▸ Your goal
Pictures aside, reproduce exactly and only the lines below, starting at the one containing "Charming two-story home" and ending at the last line.
Top of Raw data
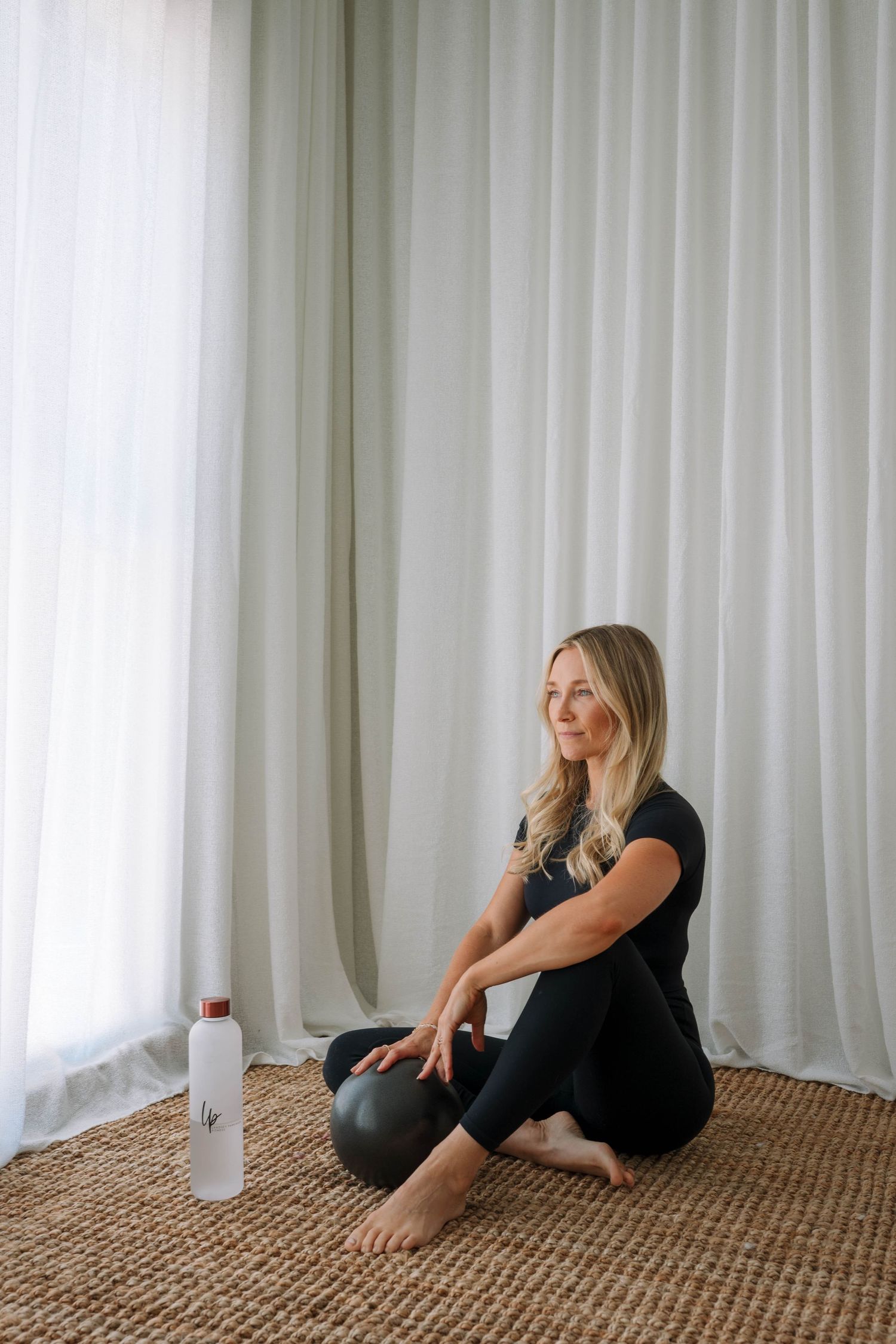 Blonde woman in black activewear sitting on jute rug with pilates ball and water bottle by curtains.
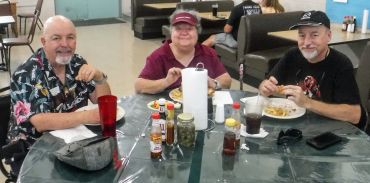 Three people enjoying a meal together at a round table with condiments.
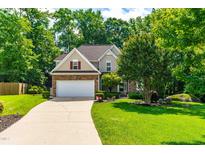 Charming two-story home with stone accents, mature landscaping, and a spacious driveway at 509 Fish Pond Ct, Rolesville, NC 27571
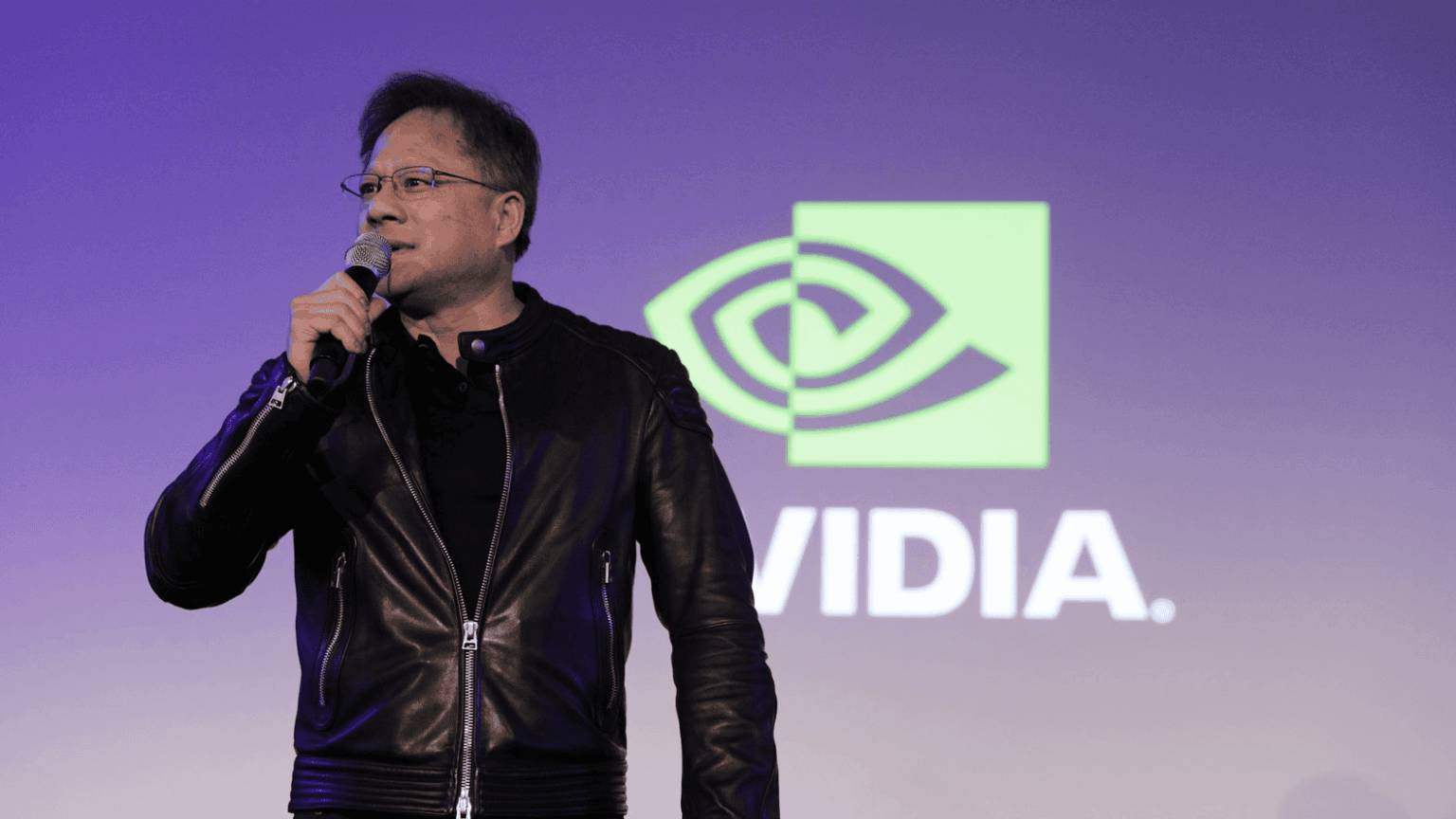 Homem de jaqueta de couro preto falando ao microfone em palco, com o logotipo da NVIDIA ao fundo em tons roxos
Bottom of Raw data
▸ Exercise output
 Charming two-story home with stone accents, mature landscaping, and a spacious driveway at 509 Fish Pond Ct, Rolesville, NC 27571
 Homem de jaqueta de couro preto falando ao microfone em palco, com o logotipo da NVIDIA ao fundo em tons roxos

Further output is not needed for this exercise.